My main concern is, will OS release ARC memory if requires to?


----------



## SirDice (Nov 3, 2016)

Handbook: 19.6. Advanced Topics


----------



## Remington (Nov 3, 2016)

It'll change depending on how much buffer it needs to write to zfs pools so you may want to limit the buffer to 4 or 8G.  If you are using deduplication or compression with heavy writes then arc_max needs to be raised to improve the write time.


----------



## kpa (Nov 3, 2016)

Remington, the ARC cache is purely a read cache.

Depending on how this server is used the 4GBs of ARC cache just may not cut it. If this is a heavy duty file server that is mostly read-heavy and less writes to the ZFS pool you definitely want to give it as much ARC cache as you can without compromising the other functionality of the operating system. From the looks of it you could limit the maximum size of the ARC cache to 64GBs if my assumption about the use of this server is correct?

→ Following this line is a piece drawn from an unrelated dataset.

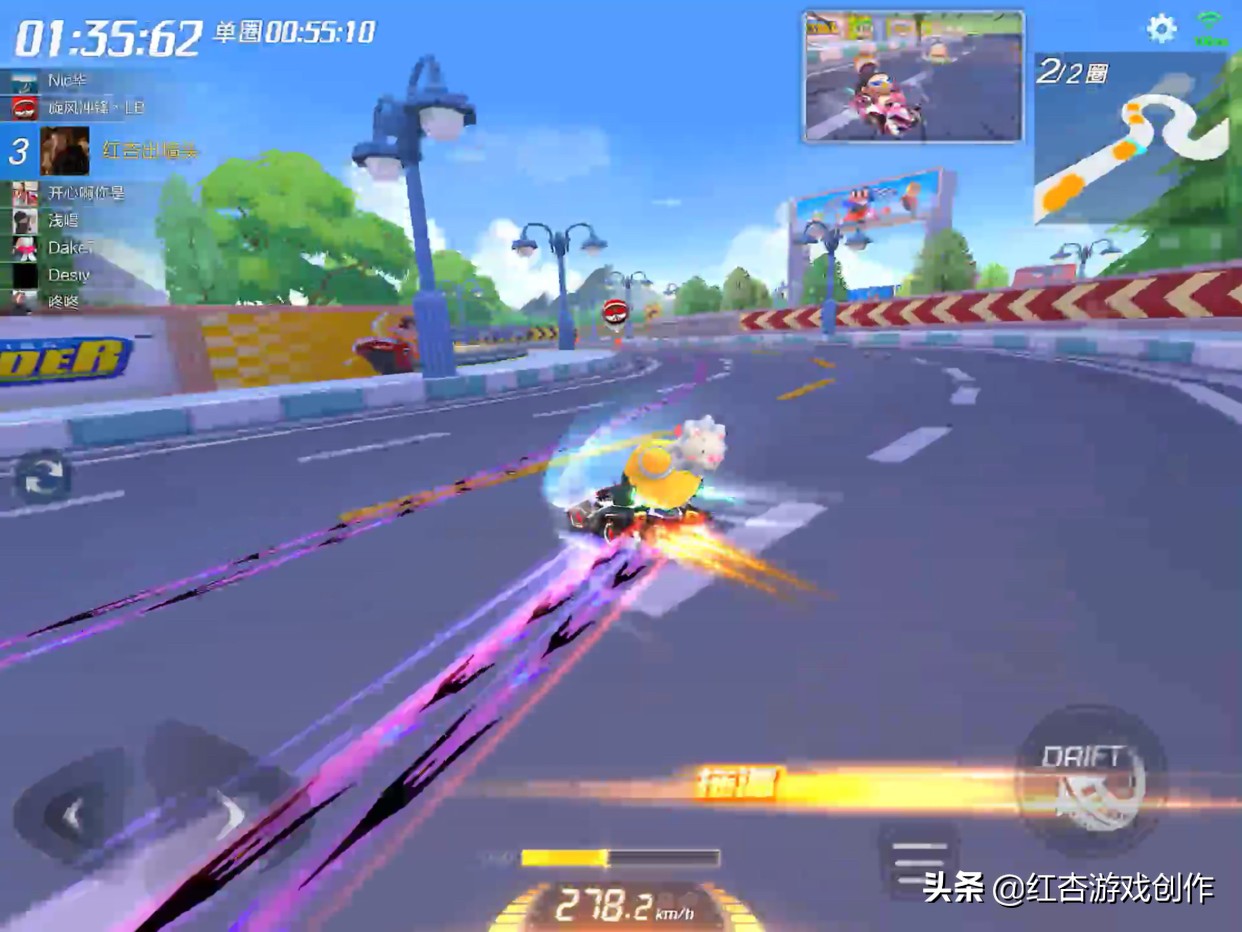 跑跑卡丁车无限加速_跑跑卡丁车无限加速模式在哪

The size of the cache will autoscale if free memory becomes scarce but it may be a better idea to use manually set maximum limit to be on the safe side.


----------



## Remington (Nov 3, 2016)

kpa said:


> Remington, the ARC cache is purely a *read cache*.
> 
> Depending on how this server is used the 4GBs of ARC cache just may not cut it. If this is a heavy duty file server that is mostly read-heavy and less writes to the ZFS pool you definitely want to give it as much ARC cache as you can without compromising the other functionality of the operating system. From the looks of it you could limit the maximum size of the ARC cache to 64GBs if my assumption about the use of this server is correct?



Thanks for clarifying that.  My server have SSD so arc with 4GB is not an issue.  I would say 4GB is bare minimum for a web server as I haven't run into any issues for 2 years.


----------